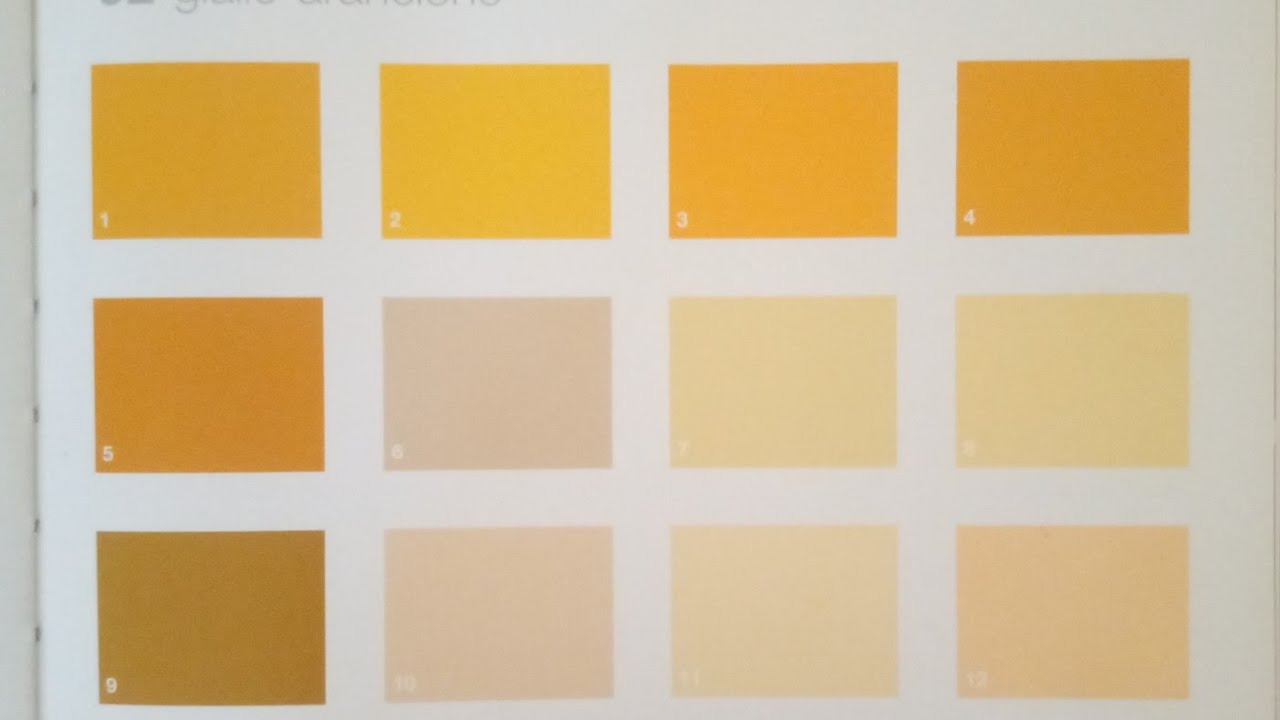 Come fare varie tonalita di colore giallo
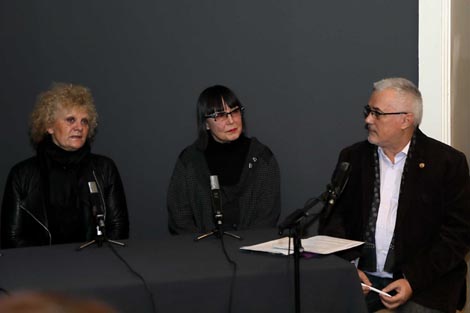 Elvira Ulip, Dženisa Pecotić i Davor Schopf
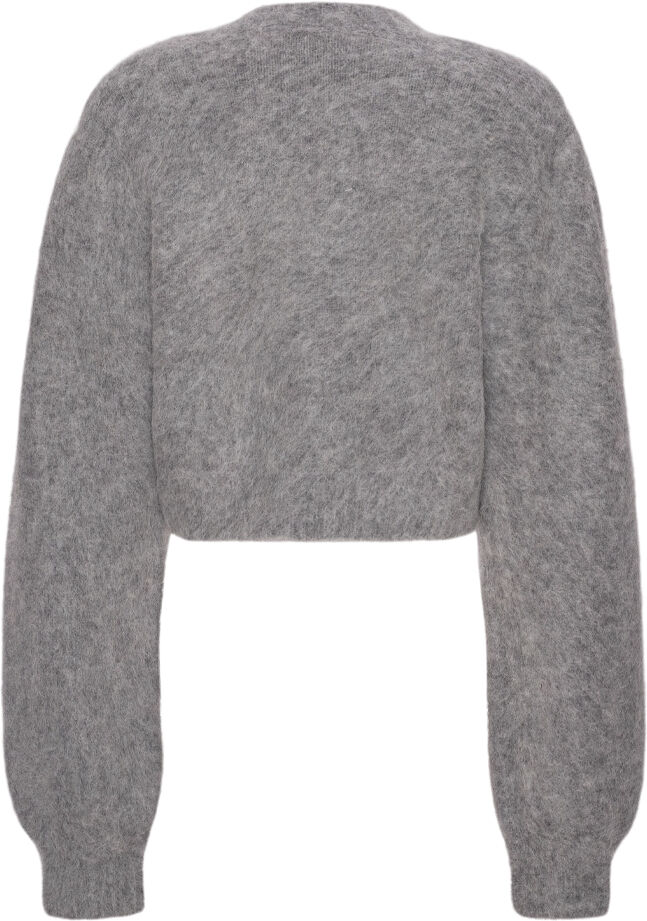 KNIT CROPPED CARDIGAN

• Task goal
Transcribe everything above exactly. Do not include the pictures.

• Task solution
 Come fare varie tonalita di colore giallo
 Elvira Ulip, Dženisa Pecotić i Davor Schopf
 KNIT CROPPED CARDIGAN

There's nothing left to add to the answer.